Unfortunately, he's fallen foul of just about every trap in the image mnemonic book.

First up, he mixes phonetic mnemonics with orthographic mnemonics.

So "pene" (penis) is phonetically twinned with "penne" (the pasta shape), but "ballena" (slender L, realised as /j/ in many dialects) is orthographically twinned with "ballet".

His mnemonics are also polluted by native-language phonology, particularly the Y and W-glide long vowels in English.  So "borracho" (drunk) (which he incidentally spelled wrong) is compared with a rat chewing.  Not only is the E blatantly the wrong vowel, but the mnemonic encourages the W-glide, something which has to be actively fought against when teaching Spanish to an English speaker, not encouraged.

This goes a step further when he equates "aburrido" (bored) with "a burrito".  As soon as I read that, I heard his accent.  But the weak US T is not the same as a Spanish D, and like the diphthongisation of vowels, the T/D distinction is something that needs to be actively taught/learned to avoid the learner falling into bad habits that are difficult to shift later on.  Worse: burrito is a Spanish word, borrowed into English, and the two words have nothing in common.  The mnemonic not only reinforces pre-existing phonemic confusion, but it also starts to mislead in terms of morphology: -ido is a past participle ending, and -ito is a diminutive.
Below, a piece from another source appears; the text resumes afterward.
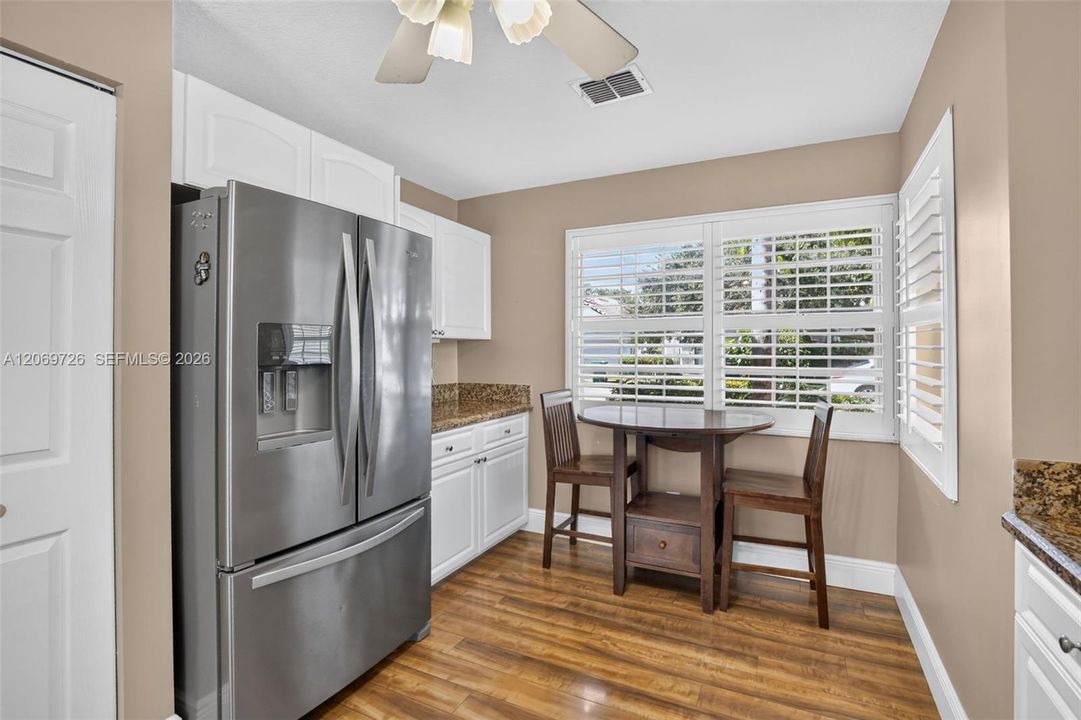 For Sale: $685,000 (3 beds, 2 baths, 1943 Square Feet)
Loan-words as a teaching device have always been fraught with difficulties, and there is one bookshelf audio course out there that makes the same mistake, teaching the -ado past participle ending in Spanish by comparison to "bravado", which we borrowed from Spanish in the first place.  The problem is, the teacher says a southern English "ado", with it's weak A sound, not the harder A of Spanish, and with the w-glide O diphthong, rather than Spanish's pure O.

I was going to give this guy a break, and leave him to just run out of steam quietly, but then after all his promises of having a "new" way that would teach grammar using dirty stories and insults, he suddenly popped up again on one of the forums asking for advice on how to teach grammar.
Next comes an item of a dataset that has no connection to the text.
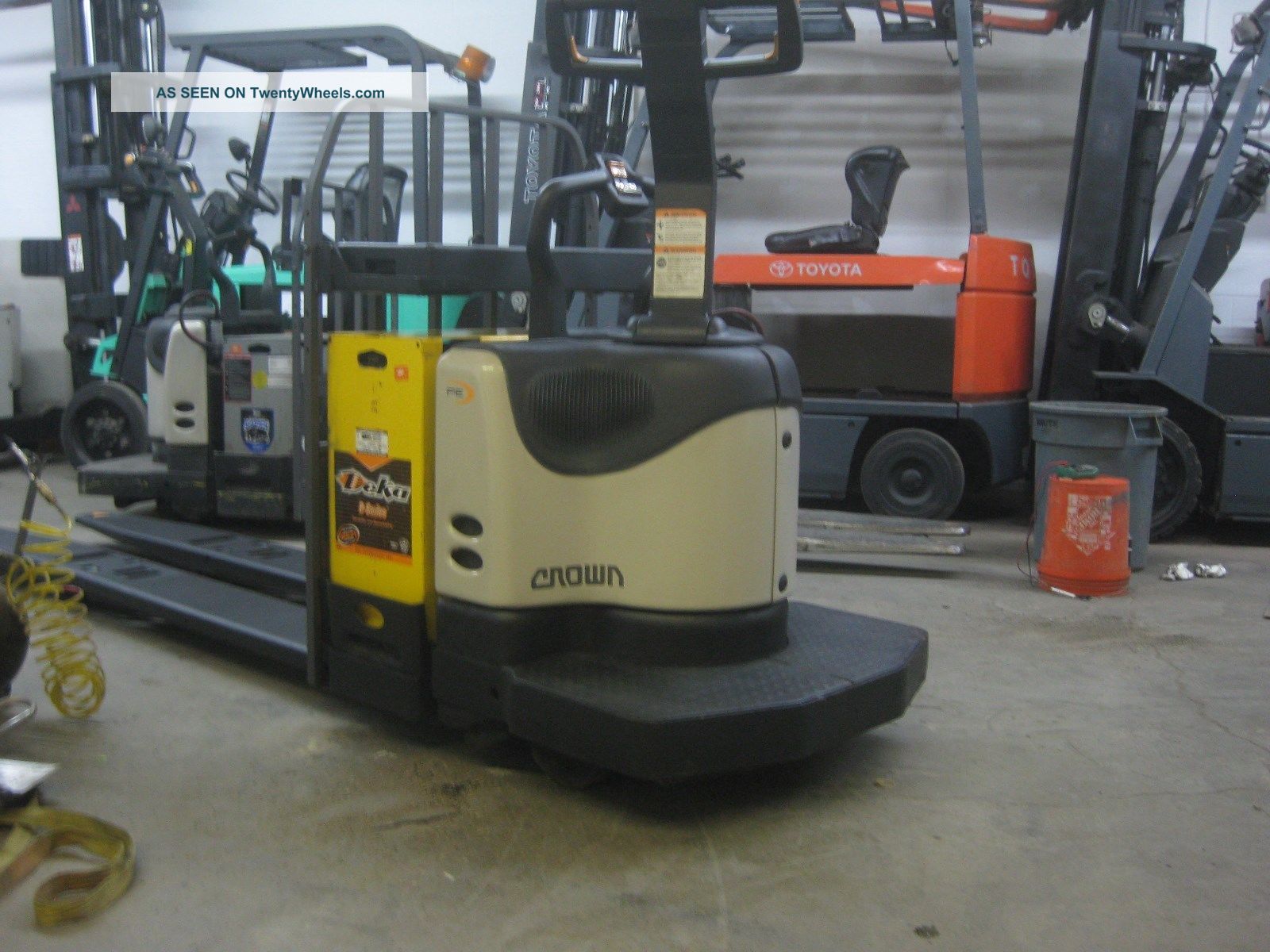 Crown Pe4000 - 80 Pallet Jack Double - 96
And this is the problem with languages on the internet -- there are a million and one guys out there who have "an idea", but one idea is not enough for an entire course.  There are so many variables to think about in teaching a language that I've been running over them in my head for about 8 years now and it's only after spending hundreds of hours in front of a classroom of students that I really feel I can start to knit my "ideas" together into some sort of coherent whole.

Are ideas useless...?
No, ideas are great.  But if you have one idea, don't attempt to build an entire teaching solution around it.  Start small.  Build resources; make things that other people with other ideas may be able to stitch together into something far more useful than you alone can make.
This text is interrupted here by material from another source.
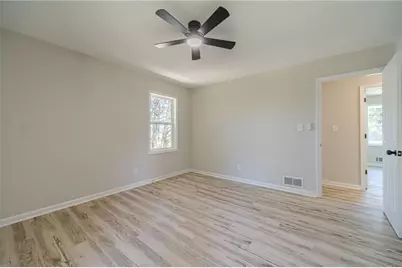 1351 Sommerset Drive, Lawrenceville, GA 30043 - Photo 28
The internet is full of lesson 1s, sometimes with a lesson 2 and occassionally even a lesson 3.  But if you never get beyond that, and your material is tied to your lesson (whether through technical means or due to your choice of license), no-one will benefit from it.

If you try to be everything to everyone, you will fail, so why not just be something small, and let others may that something part of something big?